Quantum Fisher information analysis for absorption measurements with undetected photons
Martin Houde, Franz Roeder, Christine Silberhorn, Benjamin Brecht, Nicolás Quesada
TL;DR
This work addresses absorption estimation with undetected photons by benchmarking three architectures—SU(1,1) interferometry, induced coherence, and distributed loss—through quantum Fisher information (QFI). It develops a unified broadband twin-beam model using Heisenberg–Langevin equations, yielding analytic QFI expressions for lossless and lossy configurations and for both full and restricted mode access. The main finding is a regime map: SU(1,1) offers the highest QFI at moderate gain and losses below 99%, IC dominates at high gain with intermediate loss, and the DL scheme becomes optimal only under extreme attenuation; crossovers occur around 1–2% idler transmission.

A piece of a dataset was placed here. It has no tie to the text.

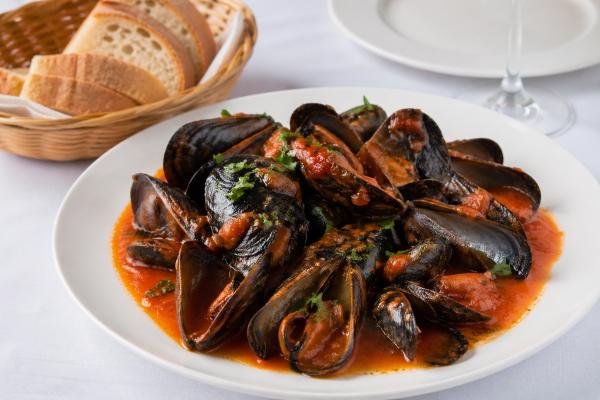 Cómo hacer mejillones a la marinera: receta gallega tradicional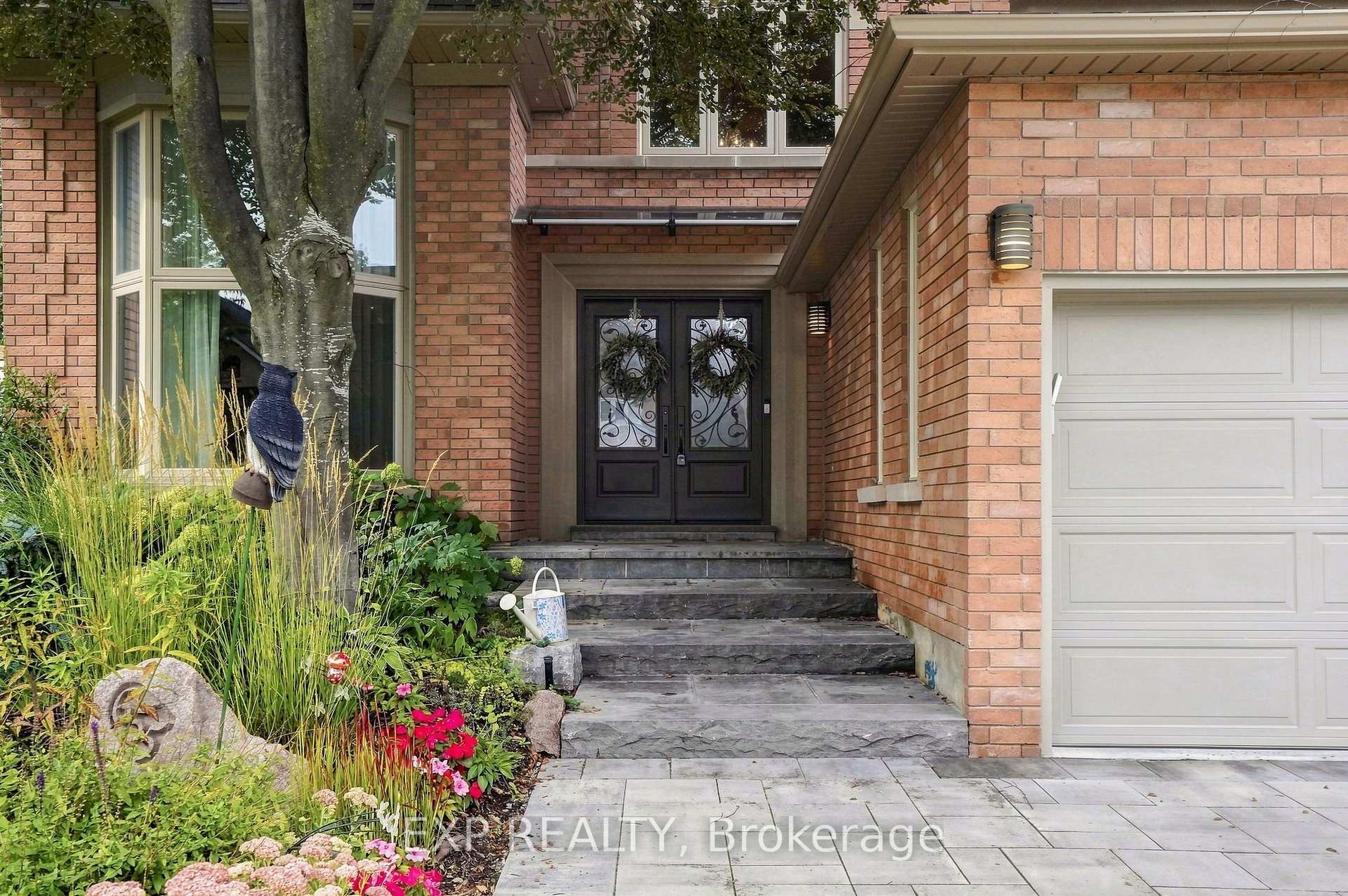 Photo 3 of 655 Culler Mews, Newmarket, Stonehaven-Wyndham — HOMEH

The results provide practical design criteria for optimizing quantum-sensor performance in absorption spectroscopy across wavelength ranges where undetected photons are advantageous.
Abstract
We theoretically compare the quantum Fisher information (QFI) for three configurations of absorption spectroscopy with undetected idler photons: an SU(1,1) interferometer with inter-source idler loss, an induced-coherence (IC) setup in which the idler partially seeds a second squeezer together with a vacuum ancilla, and a distributed-loss (DL) scheme with in-medium attenuation. We calculate the QFI as a function of parametric gain for both full and signal-only detection access. For losses below 99% and low to moderate gain, the SU(1,1) configuration provides the largest QFI. At high gain and intermediate loss, the IC scheme performs best, while under extreme attenuation (transmission $<$ 1%) the DL model becomes optimal. These results delineate the measurement regimes in which each architecture is optimal in terms of information theory.